Like Landry, Lori said it’s almost a surreal feeling having a daughter experience so much success on the court while she is also coaching the team.

“For me, it just brings me joy to be able to experience the things we are experiencing as a team and have a daughter on the team as well,” she said. “I get to see her development up close and personal, I get to see her interactions with her teammates up close and personal, and I am able to guide her and make her a stronger player, a better player and I am able to work on her mentality with things.”

That unique experience of seeing a family member do something great for a team that also benefits you as a member of the team is something both pairs share, and Landry said when her sisters makes a play for the Spartans she feels a great sense of pride.

“When she gets a good dig, it just gets me super pumped up and I know that she will do everything in her power to get the ball up for me as a hitter, which is just amazing knowing that she has my back,” the elder Luhring said.

Kyah shares that sentiment with her sister and given their roles on the team as libero and hitter, there are moments where Kyah specifically sets up Landry for offensive success.

“It’s really cool when I get an assist to her, when I pass the ball up and she gets a kill I’m just like ‘yeah! Sisters!'” Kyah said enthusiastically.

Of course, being so close with a teammate or coach can obviously cause confrontations at times, something Kylie said she and her mother are no stranger to.

“Of course we butt heads like every mom and daughter do, but you have to learn to brush that aside because she’s your coach too and you have to be a team player,” Kylie said. “You can’t just go to your mom and say ‘we need this done,’ you have to know what’s best for your team and be a good team player.”

Lori is wired to continually think about things happening around volleyball, as many coaches are. She admitted that when they head home for the night, the coaching hat doesn’t necessarily come off, but Kylie welcomes the discussion.

“The poor thing doesn’t get any rest when it comes to getting coached because I am constantly coaching her,” Lori said of Kylie. “A lot of the time I’m harder on her, I probably yell at her more on things that she knows, but a lot of times I tell her ‘I say these things so the person next to you gets it. I can say it aggressively to you but I can’t say it aggressively to her but they’ll get the hint through you.'”

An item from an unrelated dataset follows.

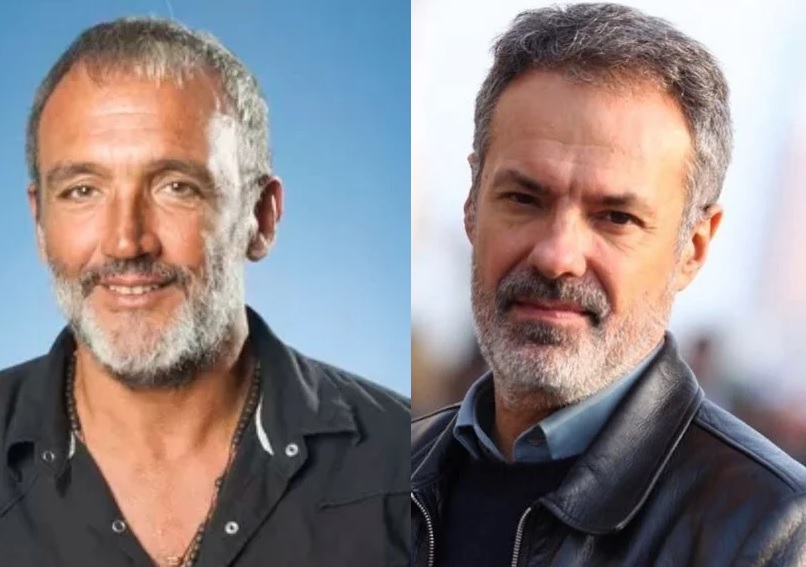 Chefão da Globo e diretor de ‘Pantanal’ se estranham e geram crise na novela das nove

Lori said she learned ways to coach her daughter through watching other great Spartans coaches handle the situation, including former coach Darwin Sents and his daughters Kelsey and Riley.

“I learned that from a lot of different parent coaches, Grundy Center has had a lot of parent coaches so I’ve been able to learn what works and what doesn’t work,” Lori said. “It is tough because when we come home I continue the coaching sometimes a little too far, and there are times where I have to stop.”

Constantly being in contact with each other can fray some nerves, but ultimately it works out for the best, as these two recent state runs for Grundy Center has shown. Kyah said even before she was playing for the Spartans, she was watching her sister and how she handled her business.

“Watching her in the past and in club and all the tournaments, even when she was in the state tournament as a freshman,” Kyah said, “just watching her and knowing what to do and the way she acts really teaches me how I should act when I get up there and that’s what I do now.”

Since she’s now entering her third state tournament and final of her Grundy Center volleyball career, Landry said she has a simple message for Kyah and all the other underclassmen on the team. Don’t blink.

“Just live in the moment, don’t take anything for granted because it goes by super fast,” she said. “Honestly if you told me I was a freshman right now I’d probably believe you, it doesn’t feel like I’m a senior, but it’s just been a great experience and don’t take anything for granted.”

Grundy Center will start its run for a Class 2A title in the Iowa Girls’ State High School Volleyball Tournament with a first-round matchup against Sydney, starting at 4 p.m. on Wednesday at the U.S. Cellular Center in Cedar Rapids.